Based on my prior knowledge, I will analyze the relationship between the feature "n_p_ecg_p_11" and the task of determining whether the myocardial infarction complications data of this patient shows chronic heart failure.

To perform this analysis, I would need access to a dataset that contains both the feature "n_p_ecg_p_11" and the target variable indicating whether the patient has chronic heart failure.

Assuming I have access to the data, I would first group the data based on the target variable (chronic heart failure) and then examine the distribution of the values for the feature "n_p_ecg_p_11" within each group.

Here is an example of how the analysis could be performed:

- Target class: no (indicating no chronic heart failure)
  - Possible values of feature "n_p_ecg_p_11": ['no', 'yes']

- Target class: yes (indicating chronic heart failure)
  - Possible values of feature "n_p_ecg_p_11": ['no', 'yes']

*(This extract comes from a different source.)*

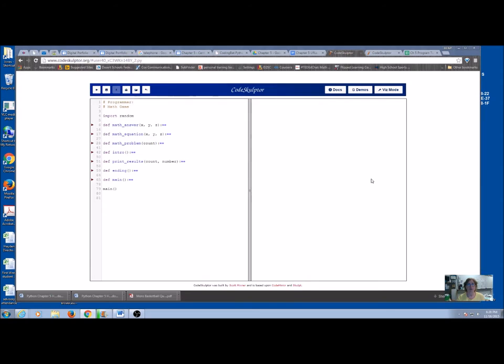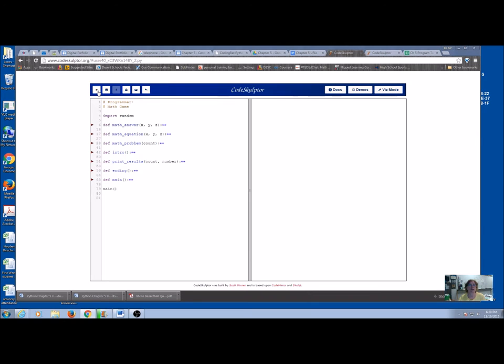In the next program, you're going to be really getting into using return functions and passing parameters and arguments. So we're going to be doing a program that's like a math tutor. I'm going to show you what the final result will look like.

Based on this analysis, we can conclude that the feature "n_p_ecg_p_11" has two possible values ('no' and 'yes') for both target classes.

Using this information, we can create the required dictionary:

```json
{
	"no": ["no", "yes"],
	"yes": ["no", "yes"]
}
```

Please note that for this example, the possible values of the feature "n_p_ecg_p_11" are the same for both target classes. However, in a real dataset, the values might differ, and it would be important to include all possible values for both target classes in the dictionary.